Unfortunately, Disclosure Day isn’t one of them.
Released to a strong box-office on June 11, the director’s latest doesn’t even rise to the level of his recent good-not-great offerings (Bridge of Spies, Ready Player One, Catch Me If You Can, etc.).
In fact, with such a strong pedigree — not only the accomplished director, but also a terrific cast, veteran writer and briefly out-of-retirement composer — Disclosure Day struck me as profoundly disappointing.
It’s another alien-visitation movie — a topic Spielberg has addressed in such hits as E.T., Close Encounters and even the more pessimistic War of the Worlds. I’m hesitant to specify much about the story, since previews played it close to the vest.
Suffice it to say that DD somehow has both too much plot, and too little.
It begins with what can politely be described as a cold-start, taking forever to get off the ground while piling on one unexplained mystery after another — with precious little action. (Rather surprising from the man who in Jaws and Raiders gave us two of Hollywood’s most memorable and effective openings.)
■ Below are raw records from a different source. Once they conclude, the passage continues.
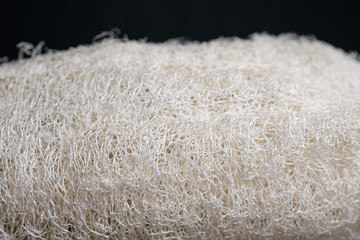 Close up loofah, natural fiber on a black background
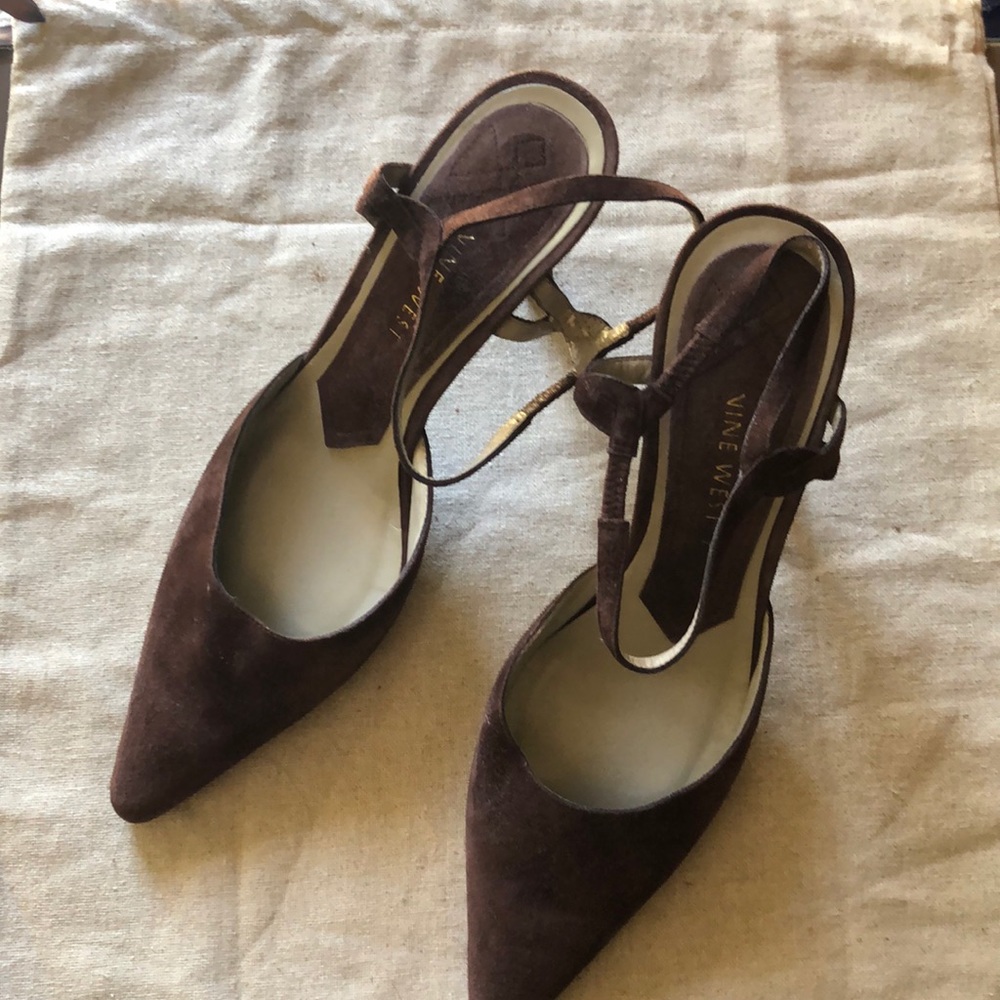 Brown Suede Sling Back Heels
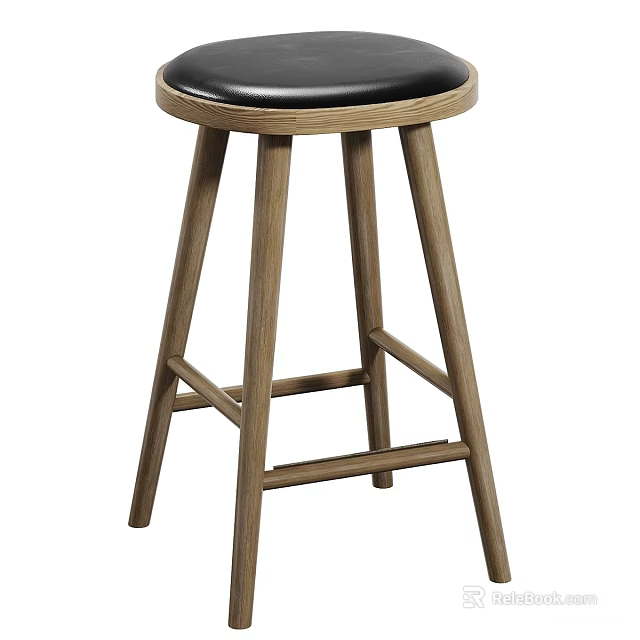 Modern Wooden Bar Stool With Black Leather Seat And Sturdy Legs 3d model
Many of these mysteries — in particular, the aliens’ intimate knowledge of our personal lives — are left unaddressed by the up-in-the-air ending; yet despite all this obfuscation, most of the movie is just an overlong chase-scene — and not a very good one at that.
Honestly, the third or fourth time those “scary” black cars pulled up, I laughed out loud. Not once had these villains managed even a smidgen of skill or intelligence in capturing the heroes. Hasn’t anyone ever heard of a back door??
One action scene involving a train does recall former Spielberg glories (even as it pays tribute to his early breakthrough — TV’s Duel). But on the whole, you can scarcely believe this is the same director who oversaw the dazzling action of Indiana Jones, Jurassic Park and even 2002’s unjustly neglected Minority Report.
And speaking of past glories: Some of my high hopes for DD were inspired by its screenwriter, David Koepp — who penned not only Jurassic Park but also the original Spider-Man, as well as the first Mission: Impossible. Indeed, Koepp’s resume is so impressive that one must blame DD’s failure not on the man credited with the script, but rather on the one who came up with the original story: Spielberg himself.
Happily, DD manages to sidestep boredom with a sensational cast. Emily Blunt, who apparently can do just about anything, is brilliant as a TV meteorologist who suddenly gains unearthly abilities. Colin Firth, still looking sharp at 65, plays the somewhat nuanced bad guy trying to prevent knowledge of the aliens from getting out.
The film also has strong work by Eve Hewson (Bono’s daughter) and Wyatt Russell, son of Goldie Hawn and Kurt Russell — though its best performance is from the red-hot Colman Domingo as a sympathetic behind-the-scenes hero.
Spielberg’s long-time composer — 94-year-old John Williams — came out of retirement to score the film, though this music doesn’t feel like anything special. Visual effects, on the other hand, are all first-rate — particularly in the final scene.
That striking sequence — with black-and-white footage harking back to Roswell, plus a blink-and-miss-it cameo from Devil’s Tower — pays handsome homage to fifties sci-fi and again invokes some of Spielberg’s former glory.
But after 145 minutes of speeding cars and extraterrestrial gobbledygook, I sure wanted more than a one-word finale.
Google indicates that Spielberg’s next film will be a Western — which would be nice.
He deserves a better ride-into-the-sunset than this.